Menurut Filep, DPD (Dewan Perwakilan Daerah) akan memastikan bahwa pemekaran memiliki tujuan yang benar, yaitu bagi kepentingan kesejahteraan rakyat. Dalam pertemuan dengan pemerintah yang akan segera digelar, DPD akan meminta pemerintah menjelaskan desain besar dan dampak positif dari pemekaran. Sebelumnya, DPR RI telah menyetujui RUU Pembentukan Provinsi Papua Selatan, RUU Papua Tengah, dan RUU Tentang Pegunungan Tengah menjadi RUU inisiatif DPR.

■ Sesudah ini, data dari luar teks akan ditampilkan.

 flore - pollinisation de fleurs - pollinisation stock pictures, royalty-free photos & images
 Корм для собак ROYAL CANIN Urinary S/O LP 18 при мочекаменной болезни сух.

”Faktor utama yang membuat rakyat Papua tidak percaya kepada kebijakan-kebijakan pusat adalah karena pemerintah pusat terlalu sewenang-wenang mengambil alih kewenangan provinsi dalam konteks otonomi khusus,” tambahnya.
Rencana pemekaran atau pembentukan daerah otonomi baru (DOB) dinilai mengesampingkan kekuatan kewenangan daerah, karena tidak melibatkan DPRP dan Majelis Rakyat Papua. Sesuai ketentuan Pasal 76 UU Otsus, pemekaran Papua menjadi provinsi-provinsi dilakukan atas persetujuan MRP dan DPRP.
”Di saat pemekaran dimunculkan di saat itulah ketidakpercayaan kepada undang-undang (otsus) ini muncul kembali. Tidak akan terwujud apa yang kita harapkan karena pemerintah terlalu sabotase,” kata Filep.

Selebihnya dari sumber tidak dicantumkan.